Some time later, the widow was tried as an alleged instigator herself – and (partly) before the same judges who had been involved in the first trial. She objected to the judges, who had already participated in the verdict against the former lover, because of concern of bias (§ 24 StGB). In doing so, she argued that she had no confidence in the impartiality and impartiality of the judges. The judges had already made extensive statements about her alleged guilt in the written reasons for the verdict in the previous trial. This gives the impression that her verdict has virtually already been passed.


In the German courts, the widow was not heard on this argument. Traditionally, German judges assume that, due to their qualifications and their special position, they are “naturally” in a position to face each defendant anew with complete impartiality. This attitude of German judges is justified, among other things, by a reversal of § 22 No. 4 StPO. There it is regulated that a judge may no longer act “if he has been active in the matter as an official of the public prosecutor’s office, as a police officer, as a lawyer for the injured party or as a defense counsel.” Moreover, Section 23 of the Code of Criminal Procedure stipulates that a judge who has participated in a decision in a previous instance is excluded by law in subsequent appeal proceedings (appeal or revision or in the case of a motion for retrial). Such a case did not exist. Since the cases of bias mentioned in the law precisely do not speak of a judge being excluded if he or she previously acted as a “judge” in the same case against a co-defendant, it is argued that such a type of “prior referral” is harmless.

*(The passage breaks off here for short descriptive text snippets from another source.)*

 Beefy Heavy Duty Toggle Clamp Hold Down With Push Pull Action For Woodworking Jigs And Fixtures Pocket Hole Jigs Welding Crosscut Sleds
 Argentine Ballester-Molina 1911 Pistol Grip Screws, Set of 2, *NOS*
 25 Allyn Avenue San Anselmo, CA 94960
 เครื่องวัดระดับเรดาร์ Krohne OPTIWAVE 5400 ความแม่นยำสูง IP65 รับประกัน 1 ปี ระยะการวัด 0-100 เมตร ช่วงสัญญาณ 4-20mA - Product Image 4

However, Section 24 (1) of the Code of Criminal Procedure expressly clarifies that a judge cannot be biased only if one of the individual cases regulated by law exists. Rather, there is a general concern of bias “if there is a reason to justify mistrust in the impartiality of a judge”. Consequently, the legal system is not a matter of conclusive speciality from a methodological point of view. Rather, the cases mentioned separately in the Act have the consequence that a judge is always and without a special request excluded from participation in proceedings. If the concern of bias is based “only” on a case not specifically named in the law, the defendant must file a special motion. This motion for partiality is then decided in a special procedure. If the motion is granted, the trial “bursts”. If it is wrongly not granted, the defendant still has the possibility to appeal against the judgment rendered with the participation of a biased judge. Pursuant to Section 338 (1) No. 3, the bias of a judge is a so-called absolute ground for appeal. It is generally presumed that a judgment reached with the participation of a biased judge is also based on this procedural error. In particular, a defendant does not have to prove that the verdict would have been different if the judges had not been biased.

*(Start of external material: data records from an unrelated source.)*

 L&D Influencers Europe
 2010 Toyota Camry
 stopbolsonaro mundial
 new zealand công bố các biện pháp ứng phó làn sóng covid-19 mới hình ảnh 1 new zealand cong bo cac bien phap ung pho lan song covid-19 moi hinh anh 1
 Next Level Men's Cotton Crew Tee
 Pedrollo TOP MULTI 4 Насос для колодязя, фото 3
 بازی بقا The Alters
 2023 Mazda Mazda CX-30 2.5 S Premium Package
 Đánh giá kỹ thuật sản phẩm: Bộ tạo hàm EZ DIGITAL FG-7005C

In the case of the accused widow, the German courts saw no reason to grant the motion for partiality. The Federal Constitutional Court had also not accepted for decision a constitutional complaint filed by Ms. Meng. The European Court of Human Rights (ECHR) was different. In its decision “Meng vs. Germany” on February 16, 2021, the Court clarified that one of the fundamental European values of a fair trial is the ability to effectively defend oneself against a conviction. This includes the right of an accused to face an unbiased judge. According to the Strasbourg judges, judges must not only be subjectively unbiased. Rather, it must also be objectively recognizable from a defendant’s point of view that the die has not yet been cast in his proceedings before he was even involved.

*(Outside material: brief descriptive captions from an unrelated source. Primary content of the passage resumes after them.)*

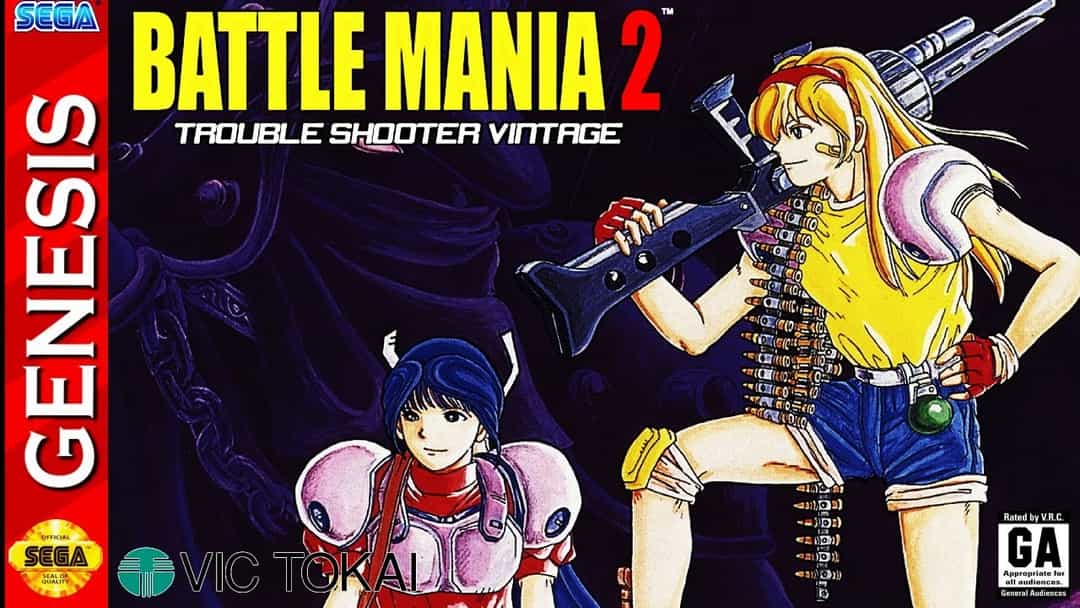 Ảnh bìa của bài viết CHƠI GAME BATTLE MANIA: DAIGINJOU - NHỮNG QUÝ CÔ BẤT KHẢ THI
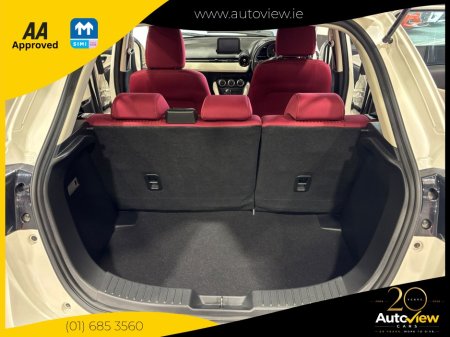 2019 Mazda Demio - photo 15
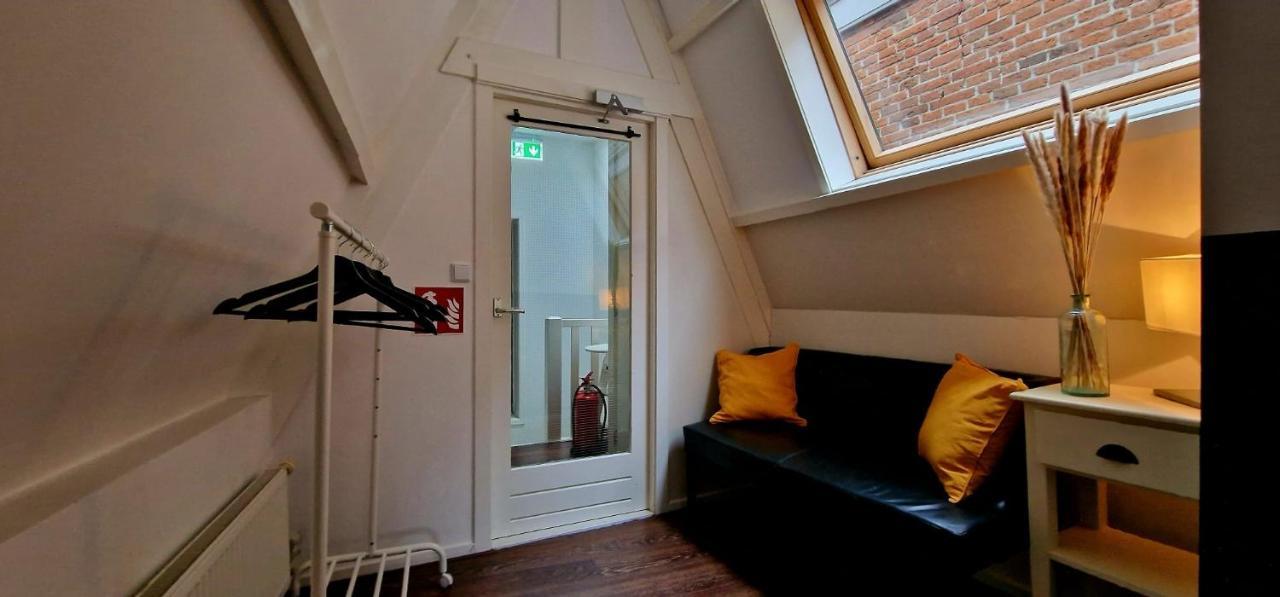 Zini B&B ฮาร์เลม ภายนอก รูปภาพ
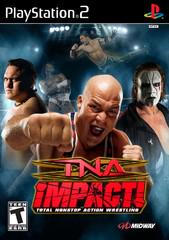 TNA Impact - (CIB) (Playstation 2)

One particularity that the ECtHR emphasized in the Meng case was that legally there had been no reason at all to make additional remarks about the wife as the alleged instigator in the first judgment against the “lover.” For in order to legally assess whether someone is a murderer, it does not matter whether he was instigated to do so. The ECtHR thus continued to develop its case law on bias due to prior referral. In earlier decisions, it had also affirmed bias in other constellations, for example, when a later judgment refers to the results of evidence in the earlier judgment.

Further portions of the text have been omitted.